L’informel, une résistance persistante
Au-delà des aspects techniques, la réforme s’attaque à une réalité plus profonde : le poids du secteur informel. Les ventes par procuration, souvent utilisées pour contourner les droits de mutation, continuent de représenter une part importante du marché. Bennacer Boulaajoul reconnaît que cette pratique «fragilise la transparence et la sécurité juridique des transactions».
Pour y remédier, la NARSA agit sur plusieurs leviers : simplification des démarches, sensibilisation du public et encadrement des intermédiaires. Des mécanismes de certification et d’agrément sont en préparation pour inciter les vendeurs et acheteurs à passer par les circuits formels. Les acteurs privés, eux, insistent sur la nécessité d’une cohérence globale. «Action coordonnée entre institutions publiques et entreprises, le marché informel continuera de dominer», alerte Khaled Salim, directeur général de GlobalOccaz.
Un cadre réglementaire en évolution
La réforme s’accompagne de nouveaux textes. Un décret adopté le 25 juin 2025, en attente de publication au Bulletin officiel, autorise désormais l’immatriculation d’un véhicule dans la ville de l’acheteur ou du vendeur, et non plus seulement à l’adresse du propriétaire initial.
Cette mesure, selon Adil Bennani, « permettra de fluidifier le processus d’achat-revente et de lever des freins administratifs anciens». La NARSA prévoit également d’ouvrir son nouveau système d’immatriculation à tous les professionnels de la vente automobile, y compris ceux du véhicule d’occasion. Ce dispositif, actuellement en phase de test, sera déployé progressivement.

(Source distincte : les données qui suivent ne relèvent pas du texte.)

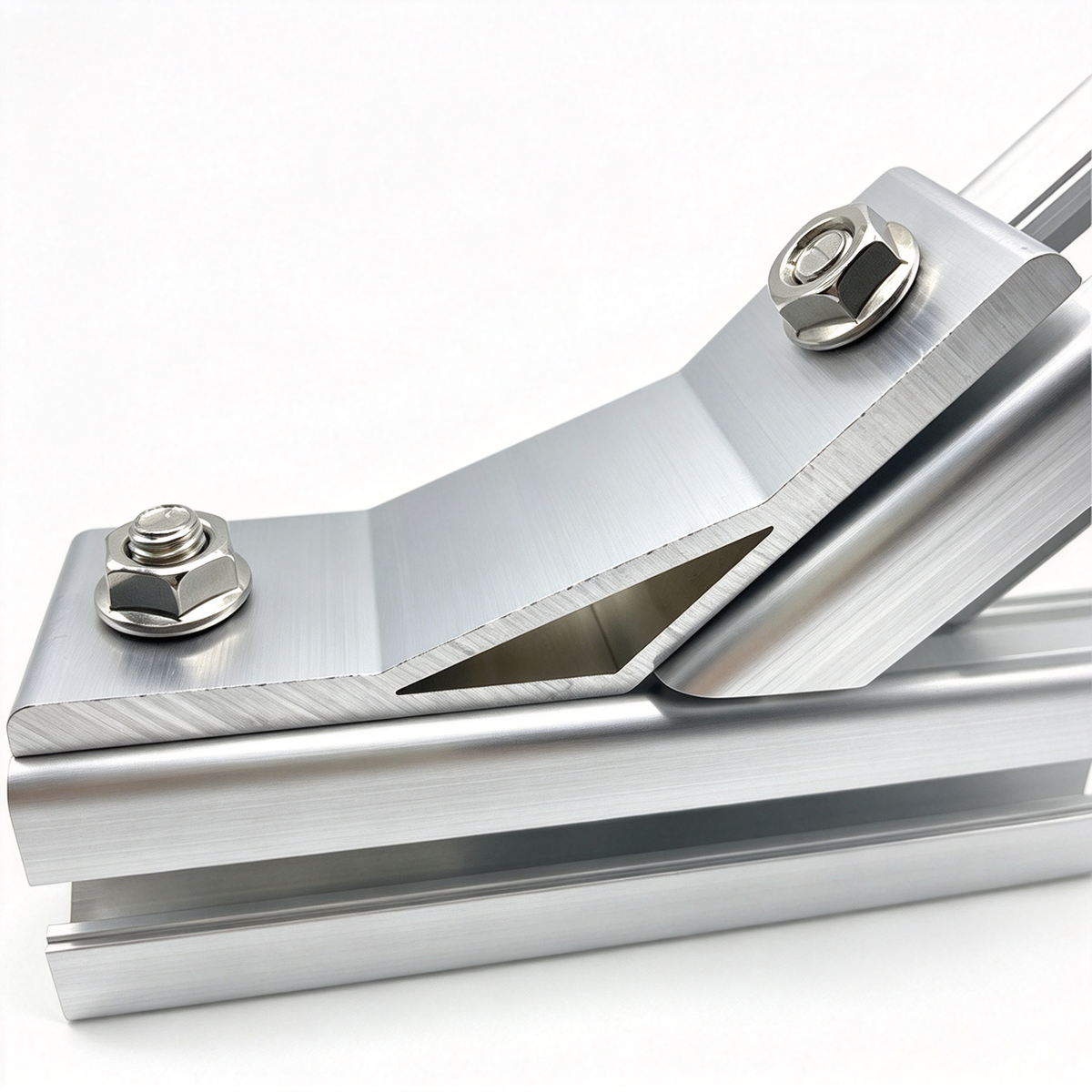 Aluminum Extrusion Corner Bracket - 90/45/135 Degree (2020 to 8080 Series)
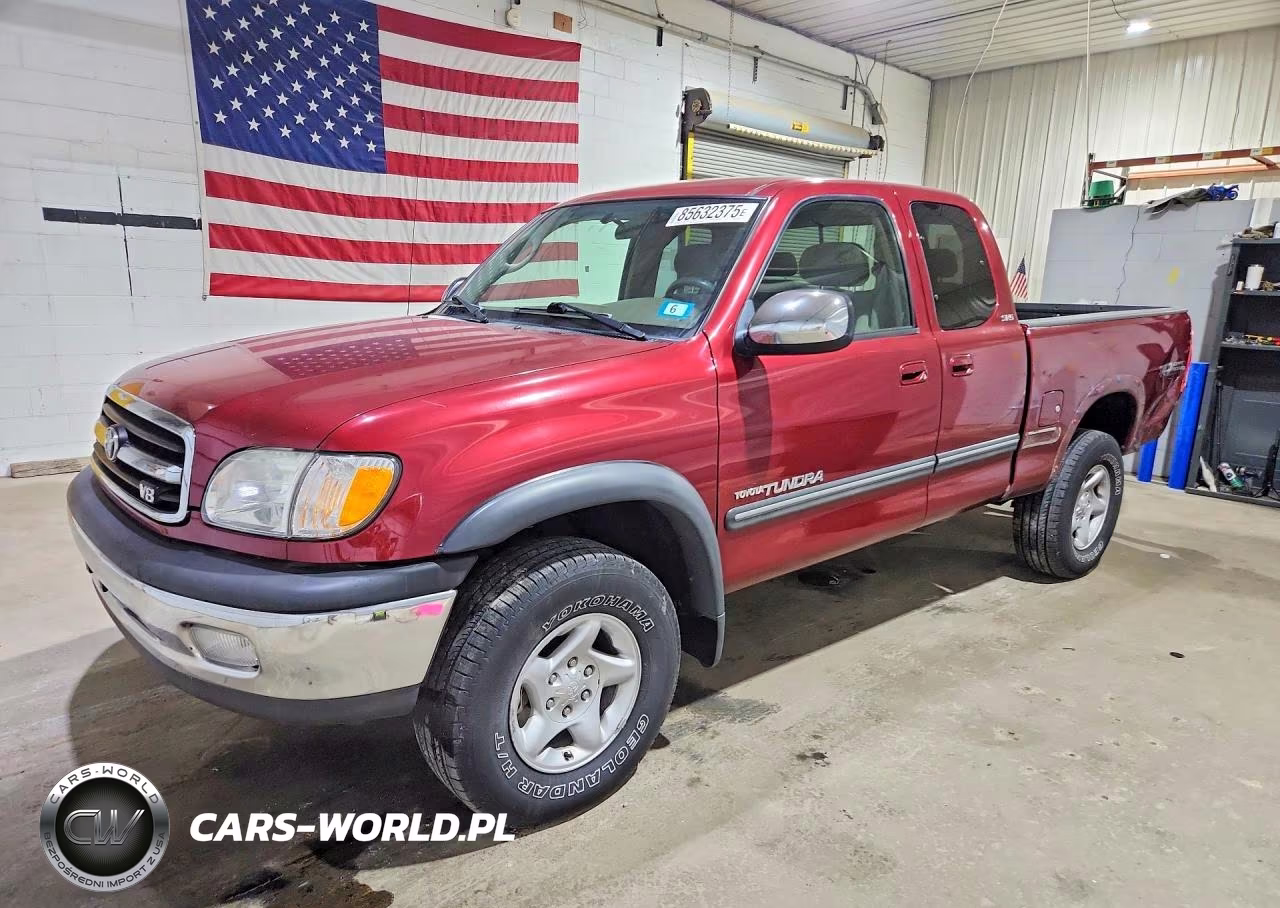 2002 Toyota Tundra Sr5 V8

Vers une nouvelle culture de la transaction automobile
La digitalisation ne représente pas seulement une modernisation administrative : elle traduit un changement de culture économique. «Le marché de l’occasion entre dans une ère de traçabilité et de professionnalisation», estime Thibault Paland, directeur général de Renault Commerce Maroc, qui y voit l’opportunité d’instaurer «des standards de qualité et de transparence comparables à ceux du neuf».
Pour Hajar Bababrik, directrice de JLR, cette mutation doit s’accompagner d’«incitations fiscales et d’un meilleur accès au financement» pour encourager la formalisation. Même approche pour Rhita Chahir, directrice de Kia Occasion, qui considère que la digitalisation «pose les bases d’une transformation structurelle du marché».
Une réforme encore à consolider
La NARSA a initié un mouvement de fond vers un marché plus transparent et sécurisé. Mais le succès de cette réforme dépendra désormais de trois facteurs : la stabilisation du système numérique, la coordination entre les institutions partenaires et l’adhésion effective des professionnels et des citoyens.
El Mahdi Moukni, directeur VO de Toyota Occasions, y voit «une dynamique déjà perceptible, mais qui doit se consolider dans le temps pour atteindre son plein effet». En toile de fond, cette réforme illustre la volonté des autorités de faire du numérique un levier de gouvernance et de confiance économique. Reste à transformer l’essai : passer du cadre à la pratique, et de la vision à l’efficacité.